Demokratik
açılım konusunda Şam'ın üzerine düşeni yapmaya hazır olduğunu belirten
Esad, sonuçları ne olursa olsun bu girişimlerden
Suriye'nin de etkileneceğini söyledi.
Yarın Ankara'ya gelmesi beklenen Suriye Devlet Başkanı Esad, Şam'da bazı Türk gazetelerinin genel yayın yönetmenlerini ağırladı. Esad, demokratik
açılımın başarıya ulaşması amacıyla,
silah bırakmaları halinde
terör örgütü
PKK'nın Suriye kökenli militanlarını kabul edebileceklerini kaydetti. Esad, yaptığı değerlendirmede şu ifadeleri kullandı: "İster Suriye'de, ister
Türkiye'de olsun birileri terörizmden vazgeçmişse mutlaka onlara sahip çıkmamız, onları kollamamız lazım. Biz 1980'li yıllarda terörü bırakanları kucakladık. Yine kucaklayacağız ve affedeceğiz. Devlet affeder. Çünkü bizim
hedefimiz terörü bitirmektir, intikam almak değil."

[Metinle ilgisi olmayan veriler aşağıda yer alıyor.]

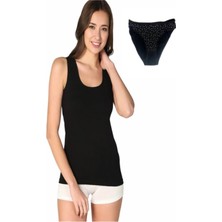 Hb Trend Kadın Siyah 3'lü Paket Atlet & Desenli Bikini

İsrail'in yaptığı Türkiye'nin arabuluculuğu olmadan Suriye ile doğrudan görüşme teklifine de değinen Esad, buna sıcak bakmadıklarını dile getirdi. Esad, "Biz Türkiye'nin aracılığında dolaylı görüşmelerin somut bir yerlere varmasını ve doğrudan görüşmelere ancak ondan sonra geçilmesini istiyoruz." dedi.
Devlet Başkanı
Beşşar Esad, Bağdat'ta patlayan bombalar sonrasında gerilen Suriye-
Irak ilişkilerini yoluna koymak için iki
ülke arasında arabuluculuk girişiminde bulunan Ankara'nın çabalarından da takdirle bahsetti.
Suriye Devlet Başkanı Esad, Türkiye ziyareti öncesi Şam'daki Kasır al-Şaab'nda (Halk Sarayı) ağırladığı Türk gazetecilerin gündeme ilişkin sorularını şöyle
cevaplandırdı:
Irak savaşı sonrası bölgede Suriye ve Türkiye'yi yakından ilgilendiren bir dizi gelişme yaşandı. Bunca gelişmeden sonra, şimdi bölgeyi Suriye açısından daha güvenli buluyor musunuz?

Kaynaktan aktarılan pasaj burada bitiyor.